Hayatımızın her alanında, çok ısrarcı olmamak gerek. Hiçbir şey vazgeçilmez değildir ve de canımızdan daha değerli hiçbirşey yoktur. Mesela karşılıksız sevgiler.. Sevdiğini alamadı diye intihar edenleri de çok duyduk... Çok para kazanmak için her türlü yolsuzluk ve haksızlıkları göze alıp büyük paralar kazanıp lüks evler arabalar almış,.. daha daha diye yola devam ediyor, yeter bu kadar diyemiyor, alışkanlık mı, tutku mu bu, tiryakilik gibi bir şey olmalı.. Hani hırsızlığa alışan çok insan ,zengin olsa da vazgeçemiyor, Çalma hastalığına tıpta Kleptomani demişler.. Çok parası vardır ama gizlice Çalmak doyumsuz bir heyecan ve tutku olmuştur, vazgeçemez.
Hiçbir eşyasını atamayanlar, istifçiler var mesela, evleri depo oluyor ve hiçbirini kullanmıyor.Bunlara da halk dilinde İstifçilik, tıpta ise Dispozofobi denilmekte..
Bir de yalan söyleme alışkanlığı var, Mitomani...

. En kötüsü de öldürmeye alışanlar... Yakın bir geçmişte yaşanan Ceren olayında, Psikopat olduğu hekimlerce ifade edilen cani, katil, defalarca hapiste yatmış çıkmış yine can almış. İfadesinde çekinmeden anlatıyor, " öldürdüğüm kişileri hiç tanımıyorum, kim olduğu önemli değil, tesadüf biri çıkıyor karşıma, takip ediyorum ve uygun bir yer ve fırsat bulunca öldürüyorum." diye anlatıyor.

Bazılarında da makam mevki tutkusu yerleşiyor ruhlarına, onları esir alıyor., her türlü koşulda vazgeçemiyor lar.. Buna da "Makam ve Mevki Hastalığı" demişler.
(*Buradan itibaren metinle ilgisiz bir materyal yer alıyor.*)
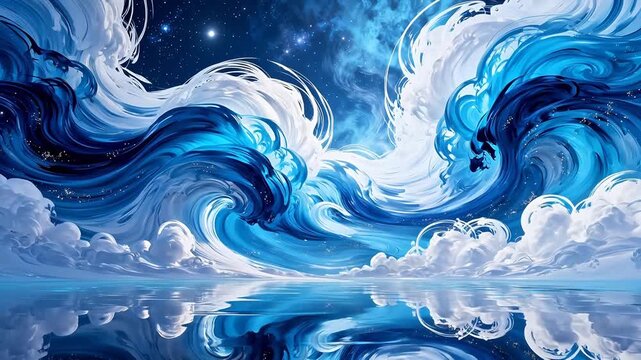 Stylized ocean waves under starry sky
Bu konuyu , yazar Orhan Arıkan, Kartepe Gazetesinde 2019 kasım da uzun uzun yazmıştı..

Haa bir de toplumun büyük çoğunluğunu esir almış sigara var..Bu konuda çok şeyler yazıldı, zararlarını bilmeyen yok.Pek çok çözüm önerileri sunulmuş, ilaç tedavileri uygulanmış, sigara bırakma merkezleri açılmış. Bazılarına faydalı da olmuş bu girişimler . Ancak, bunlardan faydalanmak için öncelikle karar vermek, beyninle konuşup emir vereceksin kendine, " ben sigaradan daha güçlüyüm, bırakabilirim "diyeceksin..

Bütün bu tutkular vazgeçilemez olmamalı, yeter diyebilecek kadar, bu yaptığım hata diyebilecek kadar , dönmeliyim bu yoldan diyecek kadar, en sevdiğini terk edecek kadar, sigarayı bırakacak kadar, güçlü olmalı, öz güvenli olmalı, karar verebilmeli ve uygulamaya başlamalıdır .Başlamak, başarıya giden yolda ilk adımdır. Kararlılıkla yola çıkan mutlaka başaracaktır.

 Ulu Önder Gazi Mustafa Kemal Atatürk ün sözü ile noktalayalım." Başarı ,Başaracağim diyebilenindir."  Başaracağım diye yola çıkan Başardım diyebilir..".